There is, of course, the social impact of erasing an entire category of work from the job pool. Surely, this is an ideal case for serious discourse. When is it appropriate to use technology to make society more efficient, at the cost of massive local job loss? How much of a cabbie's role is social? I, for one, use cab drivers during my trips to great advantage -- that's how I discovered places like Essa's for a quick breakfast in town. You can certainly imagine driverless cabs that still have a cabbie on board, combining human supervision and oversight with hyper-efficient scheduling.

But, the economic impact cited by the New York Times deftly cuts away social considerations because it is such a massive savings that it overpowers the normal balance of reason: you can cut the cost of taxi travel by 88 percent simply by removing the cabbie! So how does the Earth Institute arrive at such an extreme result? The way researchers accomplish the economic savings is, unfortunately, by comparing apples to oranges. They calculate the operating cost of a New York cab by looking at passenger prices and subtracting 15 percent margin, arriving at their $4 per mile target cost. As for the driverless option, they start by expecting utilization rates to go sky-high with automated cars, under the assumption that smartphone-based scheduling means that passenger requests will be serviced so much faster that the cars will spend far less time wasted, unhired. Even if you buy this argument, the surprising part is that the total reduction in required cabs is relatively small, from 13,000 taxis to 9,000 Google cars. This is unsurprising since Manhattan taxis are already very heavily utilized: go take a look and you will be convinced. This efficiency gain will certainly not reduce cost to one-eighth the current value. Next, they compute the operating costs of each Google car by estimating an arguably lowball price tag ($25,000), then dividing the cost, with interest, into a 250,000 mile lifetime. Their number to behold, 11 cents per mile, represents the effective ownership cost of the Google car, before insurance, gas and other incremental costs.

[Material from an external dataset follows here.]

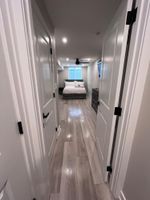 Alquiler Vacacional - WOW! 2-BD/2BA Retreat WiFi, Central Air, and Laundry Prime Philly Location!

But how can they compare this operating cost to the reverse-engineered cost of a cab, starting from today's fares? Where are the equivalents in that? A quick search on the Internet yields some lease costs for real New York cabs: I see numbers well North of $1,200 per week to lease the cab. That adds up to $5,000 or more per month just for a true yellow taxi lease. And at, say, 400 miles of travel per day, the lease alone adds up to 40 cents per mile of effective cost. And that's before we even start talking about the medallion price! So the price of the vehicle alone is already quadruple the Earth Institute's assumptions about driverless cars, and this has nothing to do with utilization or the profit of cabbies. So the Earth Institute result is not really talking about the cost differential of robot cars; rather, their result is saying that if you remove the medallion system, make taxis use scheduling that is 30% more efficient, and cut lease prices by three-quarters, then you end up saving massively on cab fares. Well, yes. And this all holds whether or not there is a cabbie in the left front seat.

Of course, all this fails to even begin to address the societal cost of automation and job loss; however if we are to antiseptically study the ways in which robotics can help us live more cheaply, let's take care to run the right maths.